I apologize for the pause in posts. We moved over the weekend. Last Friday at&t told me that the new DSL was working at our new house. However, it did not actually start working outside the house until Wednesday. Then a problem with the internal wiring meant that it was not working inside the house until today. I am now finally back online at home.

Symbol Resolution

I find that symbol resolution is one of the trickier aspects of a linker. Symbol resolution is what the linker does the second and subsequent times that it sees a particular symbol. I’ve already touched on the topic in a few previous entries, but let’s look at it in a bit more depth.

Some symbols are local to a specific object files. We can ignore these for the purposes of symbol resolution, as by definition the linker will never see them more than once. In ELF these are the symbols with a binding of STB_LOCAL.

In general, symbols are resolved by name: every symbol with the same name is the same entity. We’ve already seen a few exceptions to that general rule. A symbol can have a version: two symbols with the same name but different versions are different symbols. A symbol can have non-default visibility: a symbol with hidden visibility in one shared library is not the same as a symbol with the same name in a different shared library.
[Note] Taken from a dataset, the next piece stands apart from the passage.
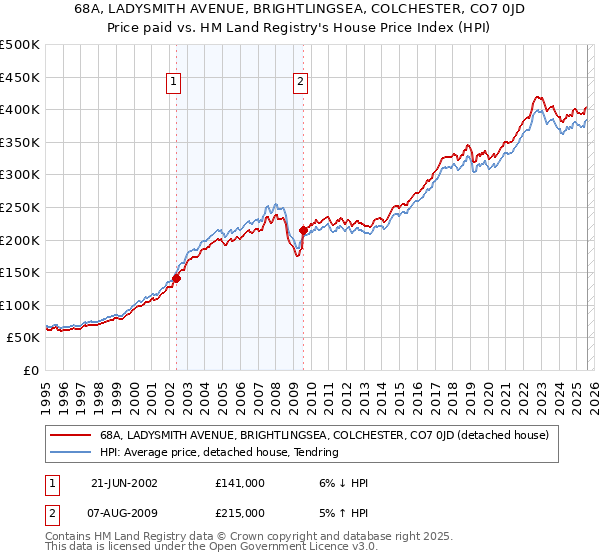 68A, LADYSMITH AVENUE, BRIGHTLINGSEA, COLCHESTER, CO7 0JD: Price paid vs HM Land Registry's House Price Index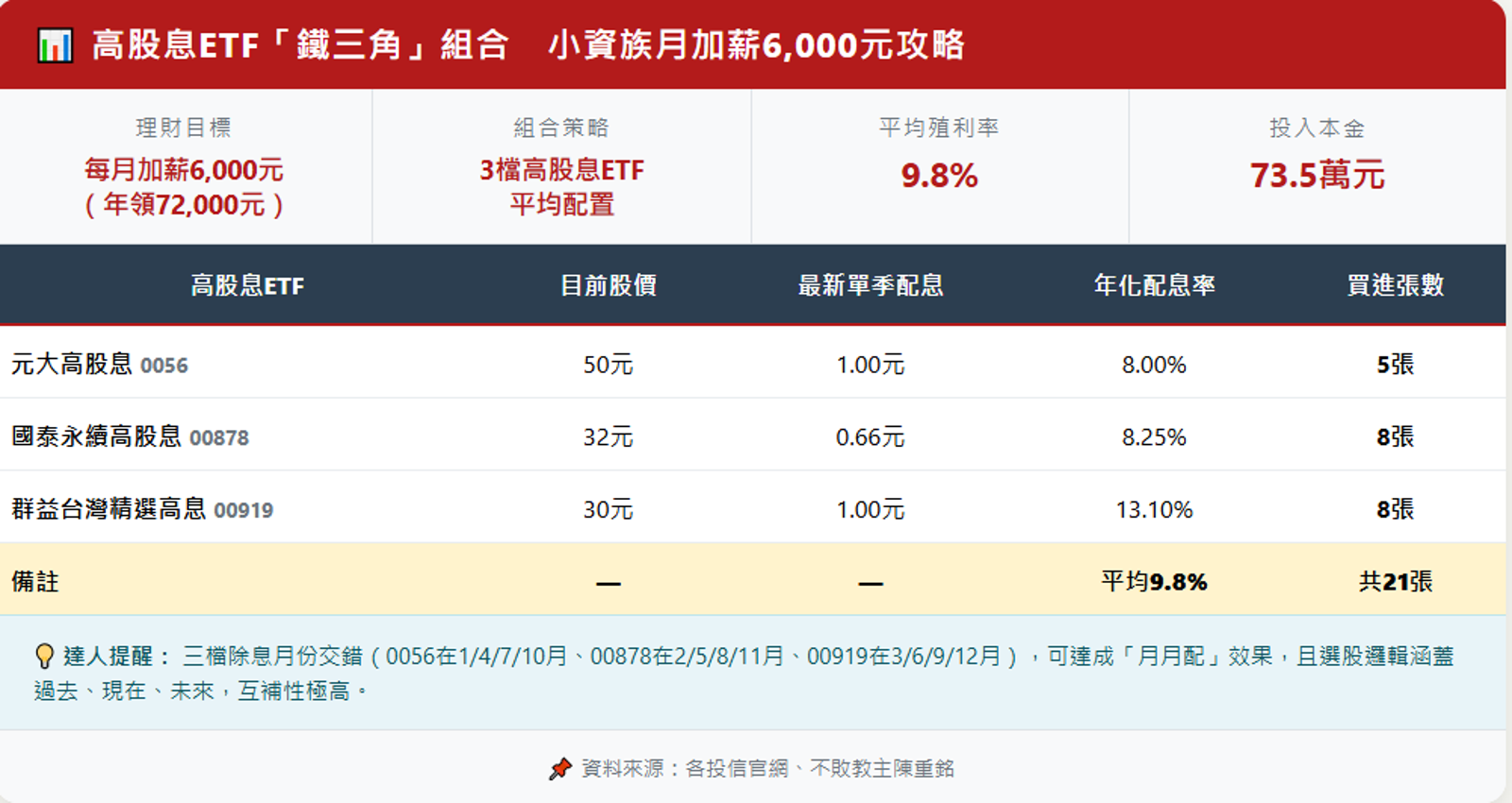 https://v3-statics.mirrormedia.mg/images/06452820-6052-4323-ba46-cbd500f90411-w1600.jpg 小資族透過0056、00878、00919鐵三角組合，每月為自己加薪6,000元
The characteristics of a symbol which matter for resolution are:

  • The symbol name
  • The symbol version.
  • Whether the symbol is the default version or not.
  • Whether the symbol is a definition or a reference or a common symbol.
  • The symbol visibility.
  • Whether the symbol is weak or strong (i.e., non-weak).
  • Whether the symbol is defined in a regular object file being included in the output, or in a shared library.
  • Whether the symbol is thread local.
  • Whether the symbol refers to a function or a variable.

The goal of symbol resolution is to determine the final value of the symbol. After all symbols are resolved, we should know the specific object file or shared library which defines the symbol, and we should know the symbol’s type, size, etc. It is possible that some symbols will remain undefined after all the symbol tables have been read; in general this is only an error if some relocation refers to that symbol.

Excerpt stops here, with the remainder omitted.